← Back to context

Comment by nethunters

5 years ago

Thanks for clearing that up.

Which languages or implementations of languages directly interpret the AST without the intermediary bytecode compilation?

I know Python, Java and JavaScript (V8 and SpiderMonkey) all compile to bytecode first probably to speed up subsequent runs and run some optimisations on the bytecode.

What other benefits are there to compiling to bytecode first vs directly interpreting the AST?

One major benefit of compiling to bytecode first is that bytecode is a more convenient shared source of truth.

For example, SpiderMonkey has two interpreter and two compiler tiers. The output of the parser is bytecode. We can interpret it immediately, and it's a convenient input to the compilers.
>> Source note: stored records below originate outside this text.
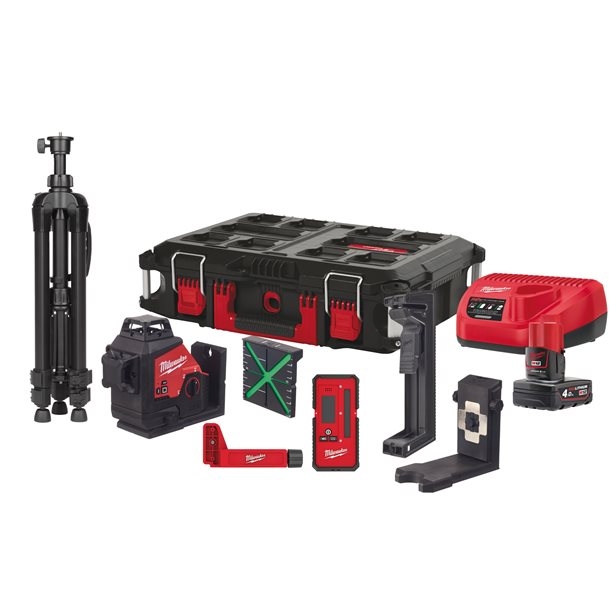 Milwaukee 4933478960 M12 3PLKIT-401P Kruislijnlaser met 3 groene 360° laser cirkels 12V 4.0Ah Li-ion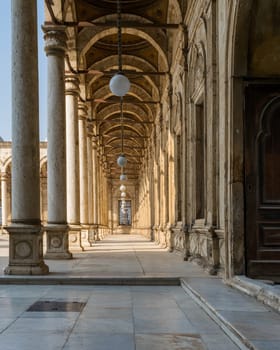One of the four passages surrounding the court of The Great Mosque of Muhammad Ali Pasha - Alabaster Mosque - Citadel of Cairo, Egypt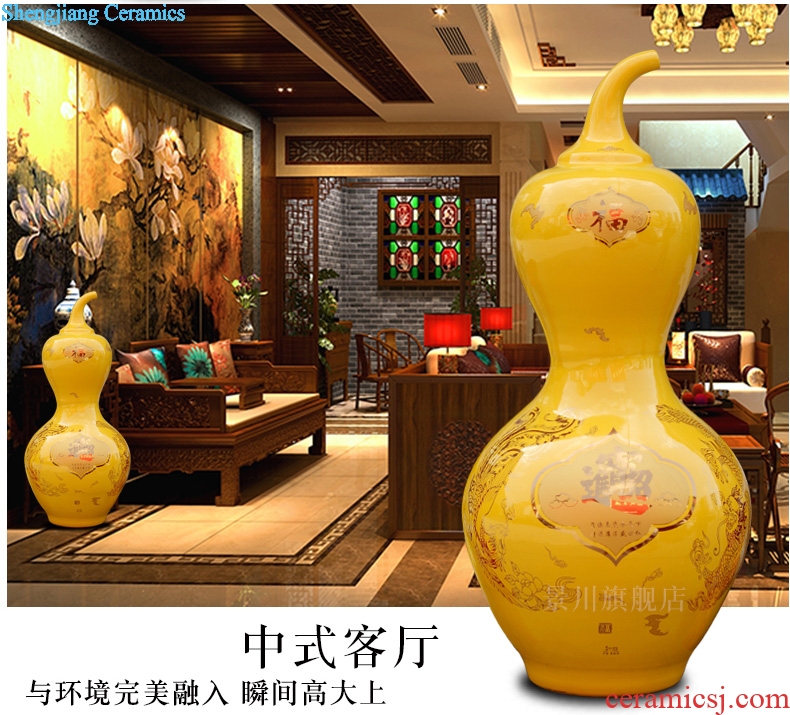 Jingdezhen ceramic maxim landing big gourd vases home sitting room store modern Chinese style furnishing articles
It also simplifies transitions between tiers: for example, when we bail out of Warp, we resume at a specific bytecode offset in the baseline interpreter.

I'm not sure how you would resume at a particular point in the execution of an AST-based interpreter without agreeing on a linearized traversal of the AST, which is 90% of the way to bytecode.

Perl is a tree based interpreter. It's not exactly an AST anymore but the time it's being executed, but close enough.

If you compile to AST and walk that then your portability is at the source level; you have to send the source over the wire; each target then needs a parser+walker and each target needs to parse+walk. If you compile to bytecode you can send bytecode over the wire and then simply interpret that bytecode.

Portability. Say I wanted to make language X run on all platforms, but I didn't actually care about compiling it on all platforms. I can just write a relatively simple VM for each platform. This is one of the reasons Java was and still kinda is so ubiquitous

  • Wouldn't writing an interpreter for each platform be less work and achieve the same goal as writing a VM for each platform?

    Edit: ^Aside from being able to execute the bytecode on any platform

    • Why would it be less work? The interpreter will need to implement whatever operations a VM can perform, so a priori it's at least as much work. Bonus, if you can bootstrap the source->bytecode process, then you only need to write (and compile) that once to get a full-fledged interpreter on every host with a VM

    • As others mentioned, source code should be distributed that way, and I think creating a simple VM is easier than a simple language parser. But of course, an optimizing one can be really quite complex in both cases.

Gambit Scheme, CLISP, CMUCL are capable of interpreting ASTs, and I believe (although I'm not 100% sure) that this is the case for Lispworks and Allegro CL as well. Also, Ruby until version 1.8.